James Mtume: Black History means celebrating our race, culture and history. But, we shouldn’t wait until February to celebrate black culture. We should be recognized for what we do every month and every day.
What do you think about the music in today’s generation?
Honestly, I can’t compare music from one generation to the next because it’s a different sound. Each generation is different and it’s up to you to keep up with the times. Each generation records music that represents their generation. I can’t compare the Motown sound to today’s music because the musical composition was totally different at the time.
What are your words of encouragement for artists who would like to have a successful music career?
I would say we need to have more black bands. I love The Roots, but we need to have more bands and musicians. Back in the days, we had funk, soul, and R&B bands including Earth, Wind, and Fire, Kool and The Gang, The Ohio Players, The Isley Brothers and much more. The music was real and original, so I would have to say bands are needed in today’s music. When you have a live band, it shifts gears when they’re performing versus a solo singer with a set of musicians who were hired to go on the road. It’s a different vibe and setting.
How do we keep music history alive?
We need to keep music history alive by telling the younger generation about their culture and where it all began musically. They need to know where certain musical sounds originated and why we could record freely. Children and youth don’t know an Al Green or James Brown record or any other classic R&B artists. We can’t blame them; we must look at the parents, elders and schools for not exposing them to old school music.
How does it feel when people label your music as “classics,” over three decades later?
It’s a rewarding experience and I felt like I record music that would last for a lifetime. I wrote songs that people can embrace years later. I didn’t write songs for music or fame. When I hear people say remarkable things about my records, it makes me feel good and puts me at ease.

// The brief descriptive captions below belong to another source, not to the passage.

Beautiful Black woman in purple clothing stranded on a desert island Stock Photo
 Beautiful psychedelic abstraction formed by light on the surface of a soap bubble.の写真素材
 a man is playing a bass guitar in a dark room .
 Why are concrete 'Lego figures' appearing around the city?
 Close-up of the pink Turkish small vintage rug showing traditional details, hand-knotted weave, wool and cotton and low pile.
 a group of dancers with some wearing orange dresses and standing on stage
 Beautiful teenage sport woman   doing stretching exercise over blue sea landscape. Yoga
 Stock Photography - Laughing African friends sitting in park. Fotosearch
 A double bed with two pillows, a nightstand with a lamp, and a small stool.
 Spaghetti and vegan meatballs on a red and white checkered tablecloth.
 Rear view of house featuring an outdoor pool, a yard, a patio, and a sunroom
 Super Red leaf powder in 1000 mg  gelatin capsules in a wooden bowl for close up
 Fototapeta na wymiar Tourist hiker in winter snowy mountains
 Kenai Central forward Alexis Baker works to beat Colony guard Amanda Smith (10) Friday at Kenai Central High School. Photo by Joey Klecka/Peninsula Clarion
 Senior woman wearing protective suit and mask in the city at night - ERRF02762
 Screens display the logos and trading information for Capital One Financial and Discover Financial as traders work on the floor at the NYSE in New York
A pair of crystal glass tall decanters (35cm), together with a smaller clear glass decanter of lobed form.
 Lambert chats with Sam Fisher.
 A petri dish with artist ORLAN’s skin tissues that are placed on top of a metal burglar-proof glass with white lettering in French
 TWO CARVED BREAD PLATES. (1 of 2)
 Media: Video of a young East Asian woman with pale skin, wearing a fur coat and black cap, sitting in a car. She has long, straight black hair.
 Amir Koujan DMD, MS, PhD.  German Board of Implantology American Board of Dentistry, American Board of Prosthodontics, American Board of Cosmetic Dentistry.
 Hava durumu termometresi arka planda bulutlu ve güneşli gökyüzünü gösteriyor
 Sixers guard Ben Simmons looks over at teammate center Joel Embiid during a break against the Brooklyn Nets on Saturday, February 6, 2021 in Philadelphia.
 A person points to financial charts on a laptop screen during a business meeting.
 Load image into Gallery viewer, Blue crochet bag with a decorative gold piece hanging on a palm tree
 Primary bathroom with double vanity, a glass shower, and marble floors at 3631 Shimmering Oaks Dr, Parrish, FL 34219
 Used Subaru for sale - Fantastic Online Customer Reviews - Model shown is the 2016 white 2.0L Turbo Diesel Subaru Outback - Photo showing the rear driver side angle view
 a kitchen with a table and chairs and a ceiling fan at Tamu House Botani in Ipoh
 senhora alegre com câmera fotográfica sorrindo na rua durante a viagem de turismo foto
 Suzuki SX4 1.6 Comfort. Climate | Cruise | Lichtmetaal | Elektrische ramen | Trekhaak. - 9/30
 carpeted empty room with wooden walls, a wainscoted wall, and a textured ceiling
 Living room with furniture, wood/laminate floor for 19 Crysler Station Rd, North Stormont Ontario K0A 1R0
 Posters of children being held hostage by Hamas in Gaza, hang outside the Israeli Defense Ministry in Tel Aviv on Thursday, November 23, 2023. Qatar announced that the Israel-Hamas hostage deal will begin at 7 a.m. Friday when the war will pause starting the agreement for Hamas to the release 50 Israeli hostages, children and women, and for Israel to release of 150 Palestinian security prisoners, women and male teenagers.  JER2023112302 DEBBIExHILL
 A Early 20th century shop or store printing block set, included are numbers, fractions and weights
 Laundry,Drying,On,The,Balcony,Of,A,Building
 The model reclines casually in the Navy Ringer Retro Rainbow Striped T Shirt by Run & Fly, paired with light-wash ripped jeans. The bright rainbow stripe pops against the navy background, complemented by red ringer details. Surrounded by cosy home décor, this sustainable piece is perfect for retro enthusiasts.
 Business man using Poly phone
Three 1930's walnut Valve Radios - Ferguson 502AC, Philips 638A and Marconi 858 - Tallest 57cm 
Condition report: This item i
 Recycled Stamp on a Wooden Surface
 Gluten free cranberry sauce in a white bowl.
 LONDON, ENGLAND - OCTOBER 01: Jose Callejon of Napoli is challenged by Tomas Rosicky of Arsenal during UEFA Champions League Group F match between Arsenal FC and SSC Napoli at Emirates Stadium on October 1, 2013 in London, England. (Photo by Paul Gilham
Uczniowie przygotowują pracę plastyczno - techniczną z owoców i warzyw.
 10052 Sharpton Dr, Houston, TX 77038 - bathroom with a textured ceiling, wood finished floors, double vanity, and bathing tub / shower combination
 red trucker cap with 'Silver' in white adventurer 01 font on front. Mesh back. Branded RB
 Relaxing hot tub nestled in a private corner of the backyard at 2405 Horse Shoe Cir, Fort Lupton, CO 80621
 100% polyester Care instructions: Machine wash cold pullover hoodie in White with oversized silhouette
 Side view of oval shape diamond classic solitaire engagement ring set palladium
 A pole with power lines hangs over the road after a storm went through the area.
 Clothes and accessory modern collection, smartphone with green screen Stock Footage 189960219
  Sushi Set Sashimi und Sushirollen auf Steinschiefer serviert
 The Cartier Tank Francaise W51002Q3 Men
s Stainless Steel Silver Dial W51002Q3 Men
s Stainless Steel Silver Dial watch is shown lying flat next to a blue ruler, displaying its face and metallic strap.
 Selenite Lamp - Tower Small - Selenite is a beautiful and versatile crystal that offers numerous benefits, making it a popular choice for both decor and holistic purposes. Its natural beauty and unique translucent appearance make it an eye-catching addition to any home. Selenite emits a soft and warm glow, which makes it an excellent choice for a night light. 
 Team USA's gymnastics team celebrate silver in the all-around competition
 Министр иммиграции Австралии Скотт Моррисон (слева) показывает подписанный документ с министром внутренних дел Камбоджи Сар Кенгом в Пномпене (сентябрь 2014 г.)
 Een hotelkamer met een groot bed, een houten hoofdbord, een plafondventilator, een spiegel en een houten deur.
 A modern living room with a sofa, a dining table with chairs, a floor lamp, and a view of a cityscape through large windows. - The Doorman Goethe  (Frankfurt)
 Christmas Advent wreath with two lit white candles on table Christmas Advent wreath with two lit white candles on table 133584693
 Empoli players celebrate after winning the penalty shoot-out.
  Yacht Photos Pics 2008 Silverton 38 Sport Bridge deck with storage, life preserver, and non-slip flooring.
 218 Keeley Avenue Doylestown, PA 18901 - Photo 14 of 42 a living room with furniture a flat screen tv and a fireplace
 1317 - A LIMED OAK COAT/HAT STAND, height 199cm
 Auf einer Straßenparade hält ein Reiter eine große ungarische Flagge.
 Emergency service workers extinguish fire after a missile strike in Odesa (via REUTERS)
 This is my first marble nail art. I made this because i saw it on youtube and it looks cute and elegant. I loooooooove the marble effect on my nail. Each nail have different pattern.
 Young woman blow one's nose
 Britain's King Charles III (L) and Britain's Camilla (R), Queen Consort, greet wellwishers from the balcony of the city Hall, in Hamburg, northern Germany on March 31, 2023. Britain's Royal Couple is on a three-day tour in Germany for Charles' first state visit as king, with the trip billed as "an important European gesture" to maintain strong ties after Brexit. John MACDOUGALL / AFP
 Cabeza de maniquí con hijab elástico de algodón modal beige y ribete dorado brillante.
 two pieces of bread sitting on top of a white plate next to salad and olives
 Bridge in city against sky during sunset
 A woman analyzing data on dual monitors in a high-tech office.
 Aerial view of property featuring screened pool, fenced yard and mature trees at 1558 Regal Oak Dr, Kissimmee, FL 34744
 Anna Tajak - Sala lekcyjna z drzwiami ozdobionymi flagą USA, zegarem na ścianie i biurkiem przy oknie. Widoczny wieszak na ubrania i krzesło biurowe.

How did you collaborate with Sean “Diddy” Combs on Biggie’s classic, “Juicy?”
I had a meeting with Uptown Records president, Andre Harrell who was writing “NY Undercover” and I already knew Puffy. He told me about his new artist, Biggie Smalls. We worked out a deal where he can sample the “Juicy Fruit,” record. When the “Juicy,” record was released, it introduced a whole new generation.
What was it like working with the Queen of Hip-Hop Soul, Mary J. Blige?
I met Mary J. Blige on three occasions: 1) “New York Undercover”; she was doing a remake of “Natural Woman.” 2) 1996 Atlanta Olympic Games 3) “The Tour” album. I’ve worked with so many people in the industry and my top three are Mary J. Blige, K-Ci & Jo-Jo and D’Angelo. I love Mary; she is truly a gift. I love the way she works musically because she found her own sound.
What are your upcoming projects in 2018?
I will tour with Mtume and currently working with Tawatha Agee in the studio to record her album. We’ll be working with younger producers, singers and songwriters to merge music with the past and present. It’s great that Tawatha and I can work together again because she was the “voice of the band.” We also wrapped up an episode of “Unsung,” so that should be released in the spring. I turned the network [TV One] down for eight years, but I finally decided to be featured on the show.